──────── INPUT DATA ────────
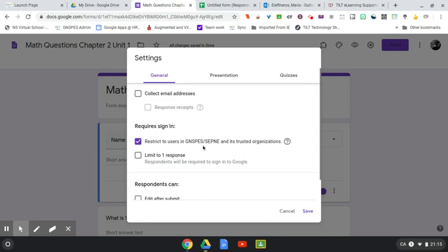If it was a form that was maybe being used outside of CEPNA, you would have to uncheck that, because if it was a parent or some other contact that is not a student, they wouldn't be able to fill out the form.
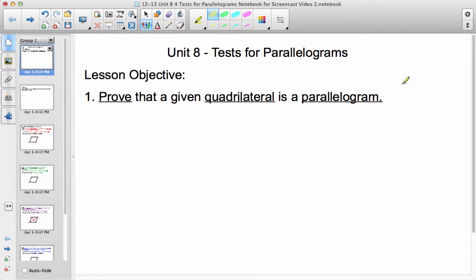Students, today you're going to be looking at tests for parallelograms. In the last unit, you looked at if something already is a parallelogram, what do we know about it — what can we prove about quadrilaterals that are already parallelograms? In this lesson, it's going to be: if you have a quadrilateral, how do you know it's a parallelogram?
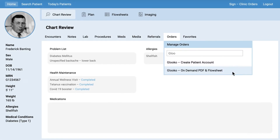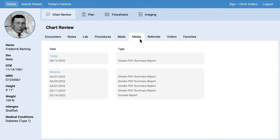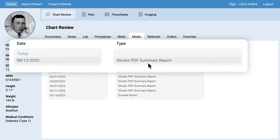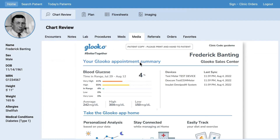With EHR integration, once the PDF report is compiled, Glucose automatically sends the report to the EHR. All of Glucose's PDF reports can be easily accessed through the EHR, including the historical archives of past PDF reports. With this integration, the user could do all their work, including reviewing the Glucose data and charts, without ever leaving the EHR.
────────
# [THE TASK]
Could the material above be written out again word for word, with the pictures dropped?

# [OUTPUT BELOW]
If it was a form that was maybe being used outside of CEPNA, you would have to uncheck that, because if it was a parent or some other contact that is not a student, they wouldn't be able to fill out the form.
Students, today you're going to be looking at tests for parallelograms. In the last unit, you looked at if something already is a parallelogram, what do we know about it — what can we prove about quadrilaterals that are already parallelograms? In this lesson, it's going to be: if you have a quadrilateral, how do you know it's a parallelogram?
With EHR integration, once the PDF report is compiled, Glucose automatically sends the report to the EHR. All of Glucose's PDF reports can be easily accessed through the EHR, including the historical archives of past PDF reports. With this integration, the user could do all their work, including reviewing the Glucose data and charts, without ever leaving the EHR.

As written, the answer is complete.